11/19/2010 4:10PM

Louisiana HBPA president Alfortish to be arraigned Dec. 2


Sean Alfortish, the president of the Louisiana Horsemen’s Benevolent and Protective Association, and Mona Romero, the organization’s executive director, will be arraigned Dec. 2 after a federal grand jury returned a 29-count indictment against them Thursday that included a charge of conspiracy to commit mail fraud and an accusation that they rigged an election. A trial date will be scheduled at the arraignment, and the case will be heard in New Orleans, according to the office of U.S. Attorney Jim Letten.

Alfortish, 43, has been president of the Louisiana HBPA since 2005, while Romero, 52, became executive director the same year. The Louisiana HBPA said in a statement that it was evaluating the case.

“[The] indictment will be immediately and thoroughly reviewed by the Louisiana Horsemen’s Benevolent and Protective Association,” the statement said. “The HBPA will take whatever actions are deemed appropriate after the thorough review and will communicate those actions that are taken to the membership.

“The association has cooperated fully throughout the investigative process and will continue to do so as may be appropriate, and as the legal system takes its course.”

The case dates back to a 2008 Louisiana HBPA election in which Alfortish and Romero allegedly conspired with others to “rig the outcome,” according to a statement by Letten.
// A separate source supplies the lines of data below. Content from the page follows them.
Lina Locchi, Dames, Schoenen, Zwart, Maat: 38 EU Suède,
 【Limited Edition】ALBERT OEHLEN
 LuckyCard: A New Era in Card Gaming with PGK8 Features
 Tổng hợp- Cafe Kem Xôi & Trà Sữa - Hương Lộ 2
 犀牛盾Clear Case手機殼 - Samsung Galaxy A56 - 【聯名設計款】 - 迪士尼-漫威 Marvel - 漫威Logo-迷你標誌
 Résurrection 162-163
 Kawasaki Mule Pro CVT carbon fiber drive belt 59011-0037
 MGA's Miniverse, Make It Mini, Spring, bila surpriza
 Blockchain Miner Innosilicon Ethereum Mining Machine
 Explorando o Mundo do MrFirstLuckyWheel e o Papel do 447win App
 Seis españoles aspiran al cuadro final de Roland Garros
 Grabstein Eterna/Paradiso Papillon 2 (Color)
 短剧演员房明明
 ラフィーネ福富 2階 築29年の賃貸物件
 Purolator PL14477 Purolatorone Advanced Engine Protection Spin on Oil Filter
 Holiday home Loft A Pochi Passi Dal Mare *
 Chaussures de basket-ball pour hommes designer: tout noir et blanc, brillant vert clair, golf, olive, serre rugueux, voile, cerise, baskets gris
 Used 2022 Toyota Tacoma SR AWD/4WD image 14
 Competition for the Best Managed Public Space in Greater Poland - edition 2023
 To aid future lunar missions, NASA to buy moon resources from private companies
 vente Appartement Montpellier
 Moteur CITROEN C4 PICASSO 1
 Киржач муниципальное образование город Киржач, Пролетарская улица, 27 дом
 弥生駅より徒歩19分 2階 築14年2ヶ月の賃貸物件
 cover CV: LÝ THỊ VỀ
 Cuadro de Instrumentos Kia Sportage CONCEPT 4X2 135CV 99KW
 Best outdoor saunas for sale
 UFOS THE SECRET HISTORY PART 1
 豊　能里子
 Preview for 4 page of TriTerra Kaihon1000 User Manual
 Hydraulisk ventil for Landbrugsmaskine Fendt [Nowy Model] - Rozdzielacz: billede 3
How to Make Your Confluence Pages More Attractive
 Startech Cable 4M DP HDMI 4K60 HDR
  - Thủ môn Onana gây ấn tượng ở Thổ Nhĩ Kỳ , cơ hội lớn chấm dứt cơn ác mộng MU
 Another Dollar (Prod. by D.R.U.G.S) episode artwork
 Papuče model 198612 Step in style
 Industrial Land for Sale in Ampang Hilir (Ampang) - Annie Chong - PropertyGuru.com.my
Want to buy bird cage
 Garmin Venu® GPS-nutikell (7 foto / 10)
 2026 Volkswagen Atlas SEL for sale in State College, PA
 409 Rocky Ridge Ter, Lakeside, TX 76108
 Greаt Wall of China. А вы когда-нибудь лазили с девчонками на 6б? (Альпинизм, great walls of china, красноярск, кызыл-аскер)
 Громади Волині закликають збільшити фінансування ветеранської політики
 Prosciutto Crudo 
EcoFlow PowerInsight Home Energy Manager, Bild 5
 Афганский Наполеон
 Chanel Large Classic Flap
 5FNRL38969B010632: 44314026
To be valid, ballots had to bear both a U.S. Postal Service postmark and the Social Security number of an eligible HBPA member. Alfortish and Romero were charged with using the Social Security numbers of some members without their “knowledge or consent.” The indictment alleges that Romero and others flew to various cities to mail the falsified ballots.

Alfortish is not paid for the position of president but has been employed by the Louisiana HBPA as its director of simulcasting and workers’ compensation, according to a copy of the indictment that was posted on the website of the New Orleans Times-Picayune. Neither Alfortish, who is an attorney, nor the attorney representing him in this case, Patrick Fanning, returned calls seeking comment.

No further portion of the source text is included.